Troubleshooting the reasons for the skyrocketing heap memory caused by netty under jdk17 | JD Cloud Technical Team

background:

introduce

Skynet Risk Control Lingji System is a high-throughput and low-latency online computing service based on memory computing. It provides online statistical computing services of count, distinctCout, max, min, avg, sum, std and interval distribution within sliding or rolling windows. . The bottom layer of the client and the server directly communicates with TCP through netty, and the server also backs up data to the corresponding slave cluster based on netty.

Low latency bottleneck

The first version of Lingji has undergone extensive optimization, and the system can provide greater throughput. If a 10ms timeout is set for the client, the availability rate can only be guaranteed to be around 98.9% under the traffic of 1wqps/core on the server side. In high concurrency situations, it is mainly GC that causes the availability rate to decrease. If based on cms garbage collector. When the throughput of an 8c16g machine exceeds 20wqps after the second version optimization, a gc will be generated approximately every 4 seconds. If one gc is equal to 30ms. Then at least the minute granularity accounts for at least (15*30/1000/60)=0.0075 in gc time. This means that minute-level tp992 is at least 30ms. Does not meet the needs of related businesses.

jdk17+ZGC

In order to solve the above-mentioned problems related to excessive latency, JDK 11 began to launch a low-latency garbage collector ZGC. ZGC uses some new technologies and optimization algorithms to control the GC pause time within 10 milliseconds. With the support of JDK 17, ZGC's pause time can even be controlled at the sub-millisecond level. The actual measured average pause time is about 10us. It is mainly based on a dye pointer and a read barrier to achieve concurrency in most gc stages. Interested students can learn about it, and jdk17 is an lts version.

question:

After using jdk17+zgc and passing relevant stress tests, everything was developing in a good direction. However, during a special scenario stress test, when data needed to be synchronized from the Beijing data center to the Suqian data center, some strange things were discovered.

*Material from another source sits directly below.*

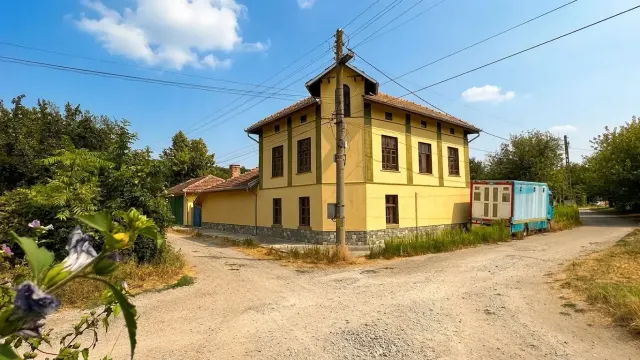 Corner Tower House - Lesicheri - thumbnail 48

  • The memory of the server container skyrocketed, and after stopping the stress test, the memory only decreased very slowly.

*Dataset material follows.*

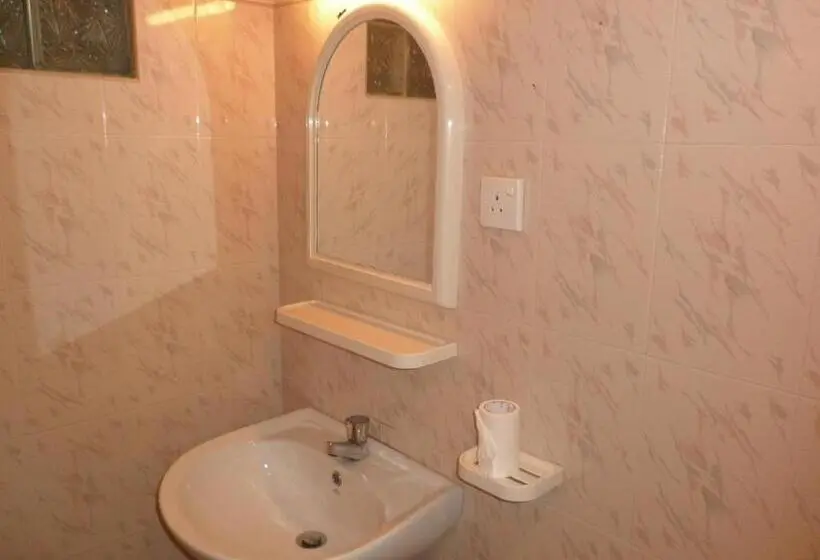 Chambre Triple Basique, Mccarthy Guesthouse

  • The CPU of the relevant machine has been kept at 20% (there is no traffic request)

  • I have been doing a few gcs. About once every 10 seconds

Troubleshooting trip

Memory leak troubleshooting

The first reaction is that when encountering the problem of skyrocketing memory and inability to release, it is first summarized as a memory leak problem. I feel that this question is simple and clear. Start related memory leak check: first dump heap memory analysis and find that netty-related objects occupy heap memory. Some time ago, a classmate also shared the memory leak caused by unreasonable use of netty byteBuf under netty, which further increased the impact on netty memory. Leak Suspicion. So I turned on netty's strict memory leak detection mode (plus the jvm parameter Dio.netty.leakDetection.level=PARANOID), and re-tested and found no relevant memory leak logs. Okay~! The preliminary judgment is that it is not a netty memory leak.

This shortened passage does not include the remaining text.